Researchers rarely know up front which package stack is easiest to install, easiest to explain, or most suitable for a given task family. This layer exists to make that choice explicit rather than tribal knowledge.

When to use it

Use this layer before you commit to a benchmark stack or when you need to explain optional dependencies to users.

What it returns

Structured install metadata and import/package names.
Adapter cards that describe strengths, caveats, and runtime characteristics.
Recommendations for a small, research-oriented starting stack.

Works well in: package maintenance, onboarding, teaching, agent planning

CLI counterparts

python -m tscfbench install-matrix
python -m tscfbench list-adapters
python -m tscfbench recommend-stack
python -m tscfbench list-model-ids

Notes

This layer is especially useful when your audience is global and needs a clearer install story.

Sweep studies and comparison grids¶

Layer: multi-run orchestration

Entry points: SweepMatrixSpec, make_default_sweep_spec, run_sweep, render_sweep_markdown

Why this API exists

Researchers often compare several model/dataset combinations at once.

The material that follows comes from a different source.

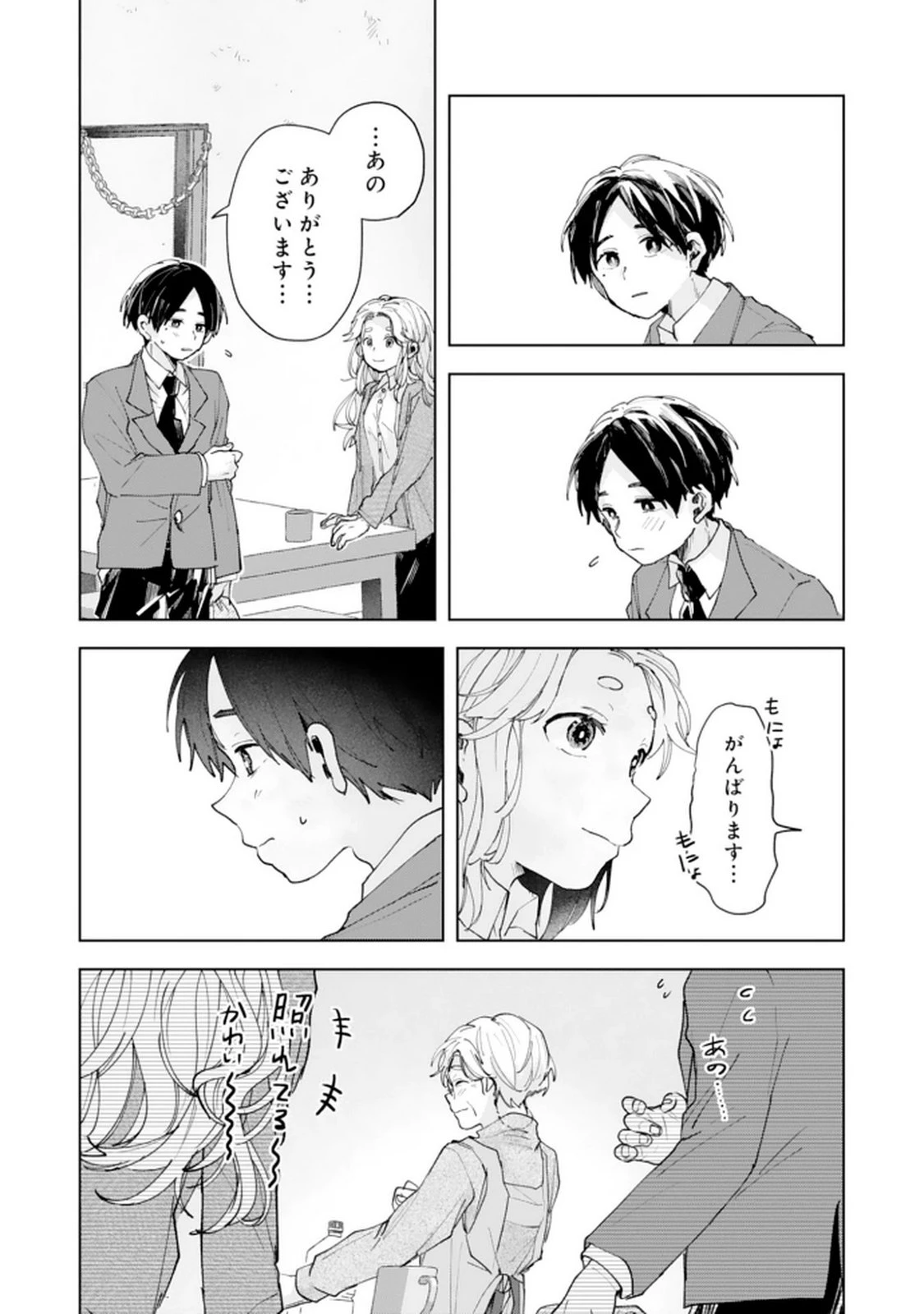 かくいう僕らは 第2話 - 19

The sweep layer exists so those comparisons are explicit, machine-readable, and robust to partial adapter failures.

When to use it

Use this layer when you are comparing multiple models, datasets, or backends in a single benchmark run.

What it returns

Per-cell results with success/error status.
Comparison tables and study-level summaries.

Works well in: benchmarking, CI, method comparison, release validation

CLI counterparts

python -m tscfbench make-sweep-spec
python -m tscfbench run-sweep
python -m tscfbench render-sweep-report

Notes

External-package failures are recorded as cell-level errors rather than crashing the full sweep by default.

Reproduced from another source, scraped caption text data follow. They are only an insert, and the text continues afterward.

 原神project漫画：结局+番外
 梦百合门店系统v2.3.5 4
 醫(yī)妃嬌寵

Agent-native workflow layer¶

Layer: automation

Entry points: AgentResearchTaskSpec, build_panel_agent_bundle, build_context_plan, export_openai_function_tools, TSCFBenchMCPServer

Why this API exists

Agent workflows need smaller, more structured artifacts than notebook-centric research code. This layer exists to turn benchmark runs into token-bounded specs, manifests, digests, and tool surfaces.

When to use it

Use this layer when a coding agent or tool-calling runtime participates in your research workflow.

What it returns

Compact JSON specs and bundles.
Repo maps, context plans, and manifest-based artifact access.
Function-tool and MCP surfaces so the package can explain itself to agents.

Works well in: Cursor/Codex/ChatGPT, tool-calling backends, CI automation, multi-step research assistants

CLI counterparts

python -m tscfbench make-agent-spec
python -m tscfbench build-agent-bundle
python -m tscfbench plan-context
python -m tscfbench export-openai-tools
python -m tscfbench mcp-server

Notes

This layer matters when you want lower token usage, smaller context windows, and resumable research tasks.

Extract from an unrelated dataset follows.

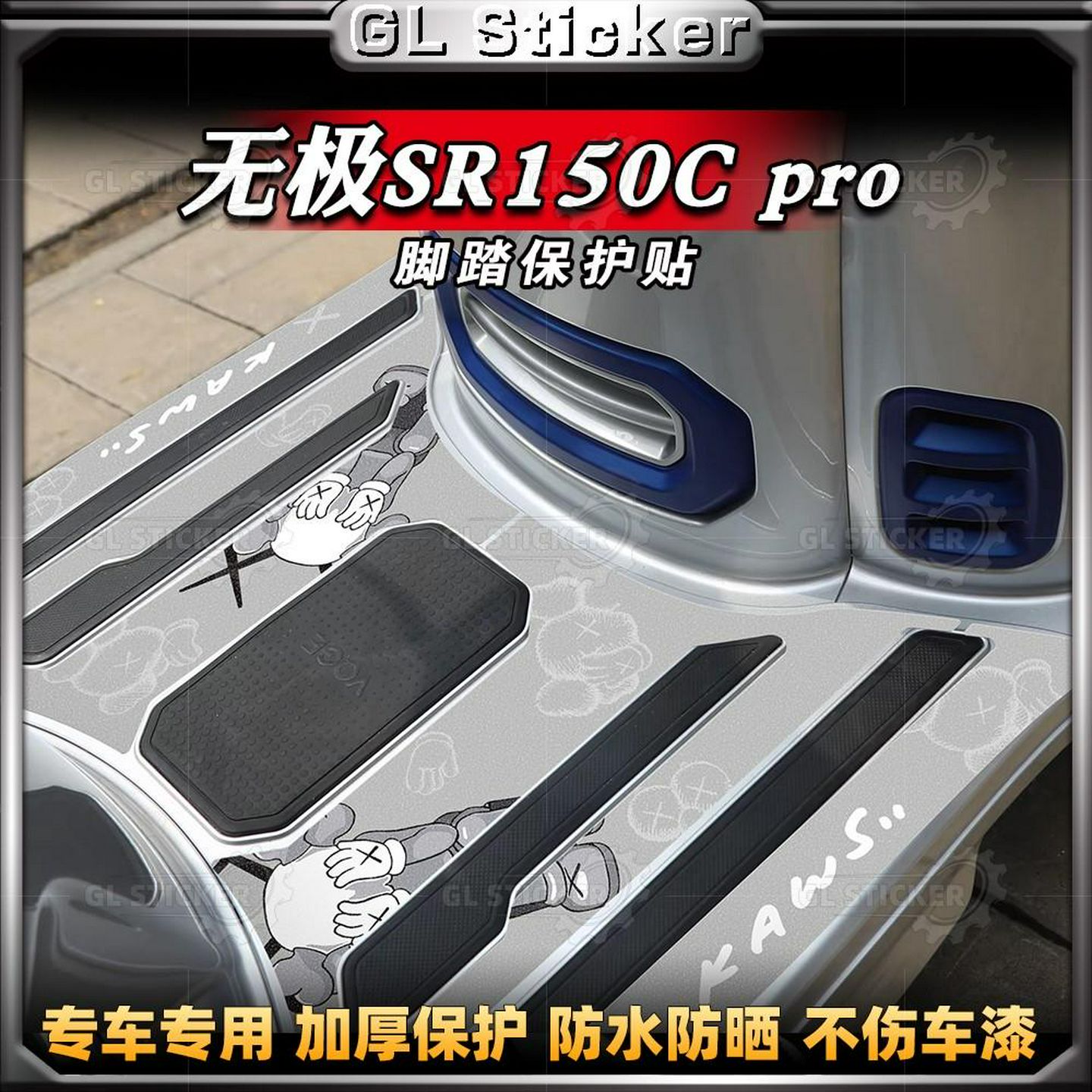 适用无极贝多芬SR150CPro贴纸改装脚垫贴花装饰防刮防水保护贴膜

Reports, teaching surfaces, and project communication¶

Layer: dissemination

Entry points: render_panel_markdown, render_sweep_markdown, render_canonical_markdown

Why this API exists

A benchmark package spreads only if the outputs are understandable outside the codebase. This layer exists so results can become readable artifacts for papers, tutorials, internal memos, and classrooms.

When to use it

Use this layer whenever you need a human-readable output rather than raw Python objects.

What it returns

Markdown reports that summarize configuration, metrics, and comparison tables.
A cleaner handoff from computation to writing or teaching.

Works well in: paper writing, teaching, project website, release notes

CLI counterparts

python -m tscfbench render-panel-report
python -m tscfbench render-sweep-report
python -m tscfbench render-canonical-report

Notes

These renderers are intentionally simple so they are easy to diff and easy to post-process.